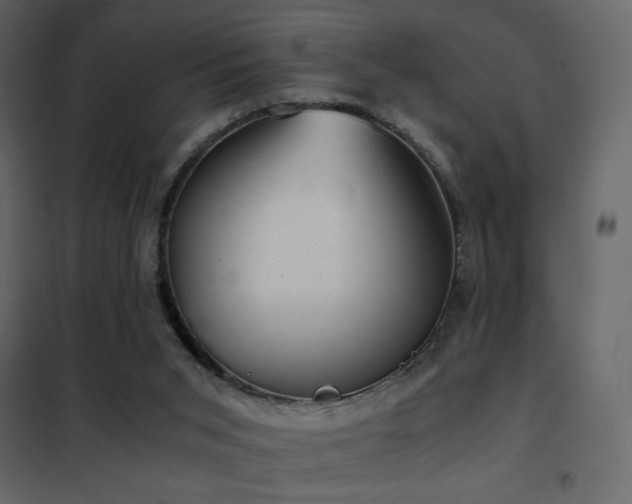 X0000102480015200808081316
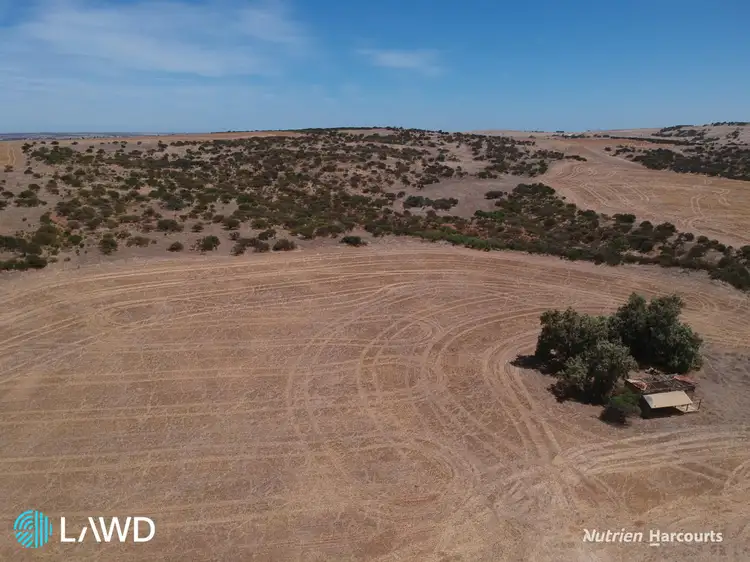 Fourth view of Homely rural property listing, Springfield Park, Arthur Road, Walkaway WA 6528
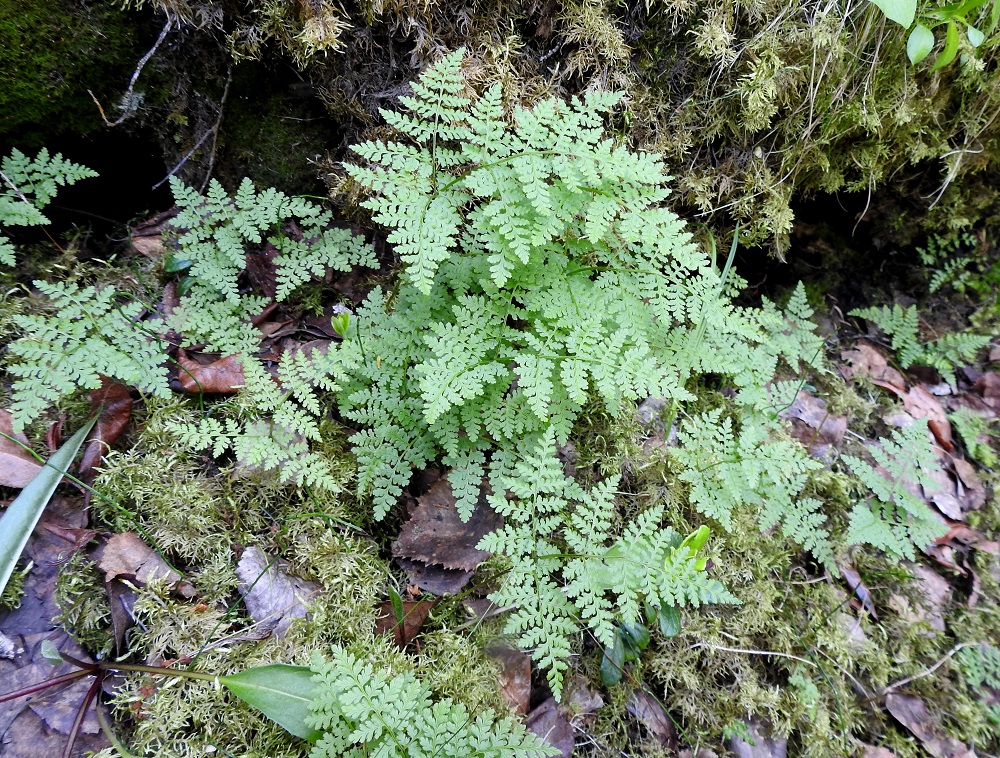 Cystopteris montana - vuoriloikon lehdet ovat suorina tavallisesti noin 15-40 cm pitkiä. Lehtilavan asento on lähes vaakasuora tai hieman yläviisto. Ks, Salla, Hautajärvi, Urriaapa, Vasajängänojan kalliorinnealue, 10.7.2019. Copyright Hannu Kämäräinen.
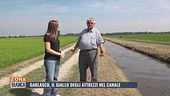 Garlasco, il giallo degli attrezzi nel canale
::::::::::
=== Task to carry out ===
Only an exact copy of the lines from the one with "Cystopteris montana - vuoriloikon" through the last line of the data above is wanted, and no pictures.

=== Written solution ===
 Cystopteris montana - vuoriloikon lehdet ovat suorina tavallisesti noin 15-40 cm pitkiä. Lehtilavan asento on lähes vaakasuora tai hieman yläviisto. Ks, Salla, Hautajärvi, Urriaapa, Vasajängänojan kalliorinnealue, 10.7.2019. Copyright Hannu Kämäräinen.
 Garlasco, il giallo degli attrezzi nel canale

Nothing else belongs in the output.